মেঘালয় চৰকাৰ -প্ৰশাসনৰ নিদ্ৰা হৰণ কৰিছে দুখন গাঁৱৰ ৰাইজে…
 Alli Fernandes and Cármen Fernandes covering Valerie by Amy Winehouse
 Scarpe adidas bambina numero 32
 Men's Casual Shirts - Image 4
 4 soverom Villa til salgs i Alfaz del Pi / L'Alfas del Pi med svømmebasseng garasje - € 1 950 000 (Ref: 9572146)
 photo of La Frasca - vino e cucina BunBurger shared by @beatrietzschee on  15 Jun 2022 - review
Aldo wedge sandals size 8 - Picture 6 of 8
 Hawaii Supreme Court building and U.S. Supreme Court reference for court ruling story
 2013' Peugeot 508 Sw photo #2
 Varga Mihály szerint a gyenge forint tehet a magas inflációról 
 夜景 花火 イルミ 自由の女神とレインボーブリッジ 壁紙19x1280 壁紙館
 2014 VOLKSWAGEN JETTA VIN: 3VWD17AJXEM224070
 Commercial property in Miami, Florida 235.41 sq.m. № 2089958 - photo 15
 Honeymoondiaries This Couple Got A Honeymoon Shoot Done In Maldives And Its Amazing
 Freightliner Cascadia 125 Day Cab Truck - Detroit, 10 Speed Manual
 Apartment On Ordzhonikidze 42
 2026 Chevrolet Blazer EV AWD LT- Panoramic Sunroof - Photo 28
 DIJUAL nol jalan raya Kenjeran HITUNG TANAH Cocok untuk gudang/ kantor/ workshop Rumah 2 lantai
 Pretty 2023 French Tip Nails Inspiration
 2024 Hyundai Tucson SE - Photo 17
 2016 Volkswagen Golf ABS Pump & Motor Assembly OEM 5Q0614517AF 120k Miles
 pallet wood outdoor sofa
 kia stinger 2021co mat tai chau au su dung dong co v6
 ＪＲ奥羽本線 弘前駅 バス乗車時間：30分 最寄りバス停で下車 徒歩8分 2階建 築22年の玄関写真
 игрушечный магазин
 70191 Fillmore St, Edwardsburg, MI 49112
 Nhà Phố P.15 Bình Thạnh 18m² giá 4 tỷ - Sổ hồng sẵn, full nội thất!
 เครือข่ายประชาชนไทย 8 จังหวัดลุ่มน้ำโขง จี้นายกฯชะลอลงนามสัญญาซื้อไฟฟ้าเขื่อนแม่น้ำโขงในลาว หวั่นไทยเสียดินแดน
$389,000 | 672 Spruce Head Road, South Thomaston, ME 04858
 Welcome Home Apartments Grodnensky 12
= = =
About this task: Please give the full set of data again exactly.

Response:
মেঘালয় চৰকাৰ -প্ৰশাসনৰ নিদ্ৰা হৰণ কৰিছে দুখন গাঁৱৰ ৰাইজে…
 Alli Fernandes and Cármen Fernandes covering Valerie by Amy Winehouse
 Scarpe adidas bambina numero 32
 Men's Casual Shirts - Image 4
 4 soverom Villa til salgs i Alfaz del Pi / L'Alfas del Pi med svømmebasseng garasje - € 1 950 000 (Ref: 9572146)
 photo of La Frasca - vino e cucina BunBurger shared by @beatrietzschee on  15 Jun 2022 - review
Aldo wedge sandals size 8 - Picture 6 of 8
 Hawaii Supreme Court building and U.S. Supreme Court reference for court ruling story
 2013' Peugeot 508 Sw photo #2
 Varga Mihály szerint a gyenge forint tehet a magas inflációról 
 夜景 花火 イルミ 自由の女神とレインボーブリッジ 壁紙19x1280 壁紙館
 2014 VOLKSWAGEN JETTA VIN: 3VWD17AJXEM224070
 Commercial property in Miami, Florida 235.41 sq.m. № 2089958 - photo 15
 Honeymoondiaries This Couple Got A Honeymoon Shoot Done In Maldives And Its Amazing
 Freightliner Cascadia 125 Day Cab Truck - Detroit, 10 Speed Manual
 Apartment On Ordzhonikidze 42
 2026 Chevrolet Blazer EV AWD LT- Panoramic Sunroof - Photo 28
 DIJUAL nol jalan raya Kenjeran HITUNG TANAH Cocok untuk gudang/ kantor/ workshop Rumah 2 lantai
 Pretty 2023 French Tip Nails Inspiration
 2024 Hyundai Tucson SE - Photo 17
 2016 Volkswagen Golf ABS Pump & Motor Assembly OEM 5Q0614517AF 120k Miles
 pallet wood outdoor sofa
 kia stinger 2021co mat tai chau au su dung dong co v6
 ＪＲ奥羽本線 弘前駅 バス乗車時間：30分 最寄りバス停で下車 徒歩8分 2階建 築22年の玄関写真
 игрушечный магазин
 70191 Fillmore St, Edwardsburg, MI 49112
 Nhà Phố P.15 Bình Thạnh 18m² giá 4 tỷ - Sổ hồng sẵn, full nội thất!
 เครือข่ายประชาชนไทย 8 จังหวัดลุ่มน้ำโขง จี้นายกฯชะลอลงนามสัญญาซื้อไฟฟ้าเขื่อนแม่น้ำโขงในลาว หวั่นไทยเสียดินแดน
$389,000 | 672 Spruce Head Road, South Thomaston, ME 04858
 Welcome Home Apartments Grodnensky 12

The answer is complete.